** INSTRUCTIONS FOR THE TASK **
Output only the lines of the entries that follow, starting at the one with "Lenna Goddess online" and running down to the one with "Cazadora Quechua Beige", both included and unchanged.

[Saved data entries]
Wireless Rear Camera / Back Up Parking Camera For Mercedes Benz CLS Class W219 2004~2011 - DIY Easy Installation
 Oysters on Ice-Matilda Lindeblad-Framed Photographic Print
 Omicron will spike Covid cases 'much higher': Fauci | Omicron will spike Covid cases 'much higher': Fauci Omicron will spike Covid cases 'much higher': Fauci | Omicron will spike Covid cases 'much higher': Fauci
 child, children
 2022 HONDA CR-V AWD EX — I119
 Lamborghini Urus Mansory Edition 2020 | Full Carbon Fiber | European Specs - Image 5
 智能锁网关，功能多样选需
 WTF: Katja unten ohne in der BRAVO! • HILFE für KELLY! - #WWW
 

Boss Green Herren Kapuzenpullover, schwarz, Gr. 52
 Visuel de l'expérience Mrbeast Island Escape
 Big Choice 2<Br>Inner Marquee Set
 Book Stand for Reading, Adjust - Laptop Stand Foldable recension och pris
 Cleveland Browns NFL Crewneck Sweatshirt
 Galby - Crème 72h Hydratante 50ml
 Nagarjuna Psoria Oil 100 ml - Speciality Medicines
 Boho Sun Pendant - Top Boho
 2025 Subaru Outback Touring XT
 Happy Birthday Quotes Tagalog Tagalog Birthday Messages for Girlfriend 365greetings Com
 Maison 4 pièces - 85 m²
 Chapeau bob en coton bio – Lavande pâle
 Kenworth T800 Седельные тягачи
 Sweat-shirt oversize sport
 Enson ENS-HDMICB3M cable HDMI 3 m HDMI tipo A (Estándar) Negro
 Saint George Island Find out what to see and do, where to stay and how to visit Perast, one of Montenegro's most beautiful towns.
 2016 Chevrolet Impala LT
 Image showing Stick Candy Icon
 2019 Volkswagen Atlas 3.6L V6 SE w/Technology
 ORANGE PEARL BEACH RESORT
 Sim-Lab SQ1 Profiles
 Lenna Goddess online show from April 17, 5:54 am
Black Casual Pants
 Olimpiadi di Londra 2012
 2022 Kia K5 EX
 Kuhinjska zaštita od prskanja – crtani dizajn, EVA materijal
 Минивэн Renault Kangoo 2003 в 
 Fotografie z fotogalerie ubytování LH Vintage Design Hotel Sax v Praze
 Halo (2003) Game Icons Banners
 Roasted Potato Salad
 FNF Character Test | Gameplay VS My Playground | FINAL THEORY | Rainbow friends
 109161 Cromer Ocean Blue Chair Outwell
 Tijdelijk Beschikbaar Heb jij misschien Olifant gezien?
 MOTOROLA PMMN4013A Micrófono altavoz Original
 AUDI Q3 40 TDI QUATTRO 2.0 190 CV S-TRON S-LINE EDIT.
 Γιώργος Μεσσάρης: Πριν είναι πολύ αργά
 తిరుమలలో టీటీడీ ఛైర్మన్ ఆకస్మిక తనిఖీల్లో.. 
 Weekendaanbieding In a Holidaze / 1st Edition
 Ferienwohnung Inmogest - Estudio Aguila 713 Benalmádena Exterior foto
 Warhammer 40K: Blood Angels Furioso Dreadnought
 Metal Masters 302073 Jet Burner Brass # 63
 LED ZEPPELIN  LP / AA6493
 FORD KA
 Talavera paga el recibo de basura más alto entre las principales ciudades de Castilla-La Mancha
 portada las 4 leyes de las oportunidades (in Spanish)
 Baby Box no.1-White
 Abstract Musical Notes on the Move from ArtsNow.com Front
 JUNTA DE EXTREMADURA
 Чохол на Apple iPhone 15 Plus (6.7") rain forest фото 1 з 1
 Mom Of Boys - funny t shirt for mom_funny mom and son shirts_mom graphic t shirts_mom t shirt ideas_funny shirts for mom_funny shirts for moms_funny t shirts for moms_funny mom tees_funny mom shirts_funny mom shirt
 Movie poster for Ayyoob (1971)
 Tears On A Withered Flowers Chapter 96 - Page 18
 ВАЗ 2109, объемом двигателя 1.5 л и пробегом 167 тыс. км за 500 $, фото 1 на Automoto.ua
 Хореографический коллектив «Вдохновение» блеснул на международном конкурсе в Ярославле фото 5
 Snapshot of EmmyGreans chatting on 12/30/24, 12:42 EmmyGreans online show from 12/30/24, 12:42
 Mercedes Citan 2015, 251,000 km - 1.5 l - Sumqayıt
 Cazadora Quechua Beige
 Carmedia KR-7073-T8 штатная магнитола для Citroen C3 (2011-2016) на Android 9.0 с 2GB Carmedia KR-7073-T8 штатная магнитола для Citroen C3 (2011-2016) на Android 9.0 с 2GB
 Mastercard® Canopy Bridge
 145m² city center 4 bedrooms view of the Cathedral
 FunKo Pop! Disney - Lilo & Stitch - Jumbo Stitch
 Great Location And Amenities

** RESPONSE AREA **
 Lenna Goddess online show from April 17, 5:54 am
Black Casual Pants
 Olimpiadi di Londra 2012
 2022 Kia K5 EX
 Kuhinjska zaštita od prskanja – crtani dizajn, EVA materijal
 Минивэн Renault Kangoo 2003 в 
 Fotografie z fotogalerie ubytování LH Vintage Design Hotel Sax v Praze
 Halo (2003) Game Icons Banners
 Roasted Potato Salad
 FNF Character Test | Gameplay VS My Playground | FINAL THEORY | Rainbow friends
 109161 Cromer Ocean Blue Chair Outwell
 Tijdelijk Beschikbaar Heb jij misschien Olifant gezien?
 MOTOROLA PMMN4013A Micrófono altavoz Original
 AUDI Q3 40 TDI QUATTRO 2.0 190 CV S-TRON S-LINE EDIT.
 Γιώργος Μεσσάρης: Πριν είναι πολύ αργά
 తిరుమలలో టీటీడీ ఛైర్మన్ ఆకస్మిక తనిఖీల్లో.. 
 Weekendaanbieding In a Holidaze / 1st Edition
 Ferienwohnung Inmogest - Estudio Aguila 713 Benalmádena Exterior foto
 Warhammer 40K: Blood Angels Furioso Dreadnought
 Metal Masters 302073 Jet Burner Brass # 63
 LED ZEPPELIN  LP / AA6493
 FORD KA
 Talavera paga el recibo de basura más alto entre las principales ciudades de Castilla-La Mancha
 portada las 4 leyes de las oportunidades (in Spanish)
 Baby Box no.1-White
 Abstract Musical Notes on the Move from ArtsNow.com Front
 JUNTA DE EXTREMADURA
 Чохол на Apple iPhone 15 Plus (6.7") rain forest фото 1 з 1
 Mom Of Boys - funny t shirt for mom_funny mom and son shirts_mom graphic t shirts_mom t shirt ideas_funny shirts for mom_funny shirts for moms_funny t shirts for moms_funny mom tees_funny mom shirts_funny mom shirt
 Movie poster for Ayyoob (1971)
 Tears On A Withered Flowers Chapter 96 - Page 18
 ВАЗ 2109, объемом двигателя 1.5 л и пробегом 167 тыс. км за 500 $, фото 1 на Automoto.ua
 Хореографический коллектив «Вдохновение» блеснул на международном конкурсе в Ярославле фото 5
 Snapshot of EmmyGreans chatting on 12/30/24, 12:42 EmmyGreans online show from 12/30/24, 12:42
 Mercedes Citan 2015, 251,000 km - 1.5 l - Sumqayıt
 Cazadora Quechua Beige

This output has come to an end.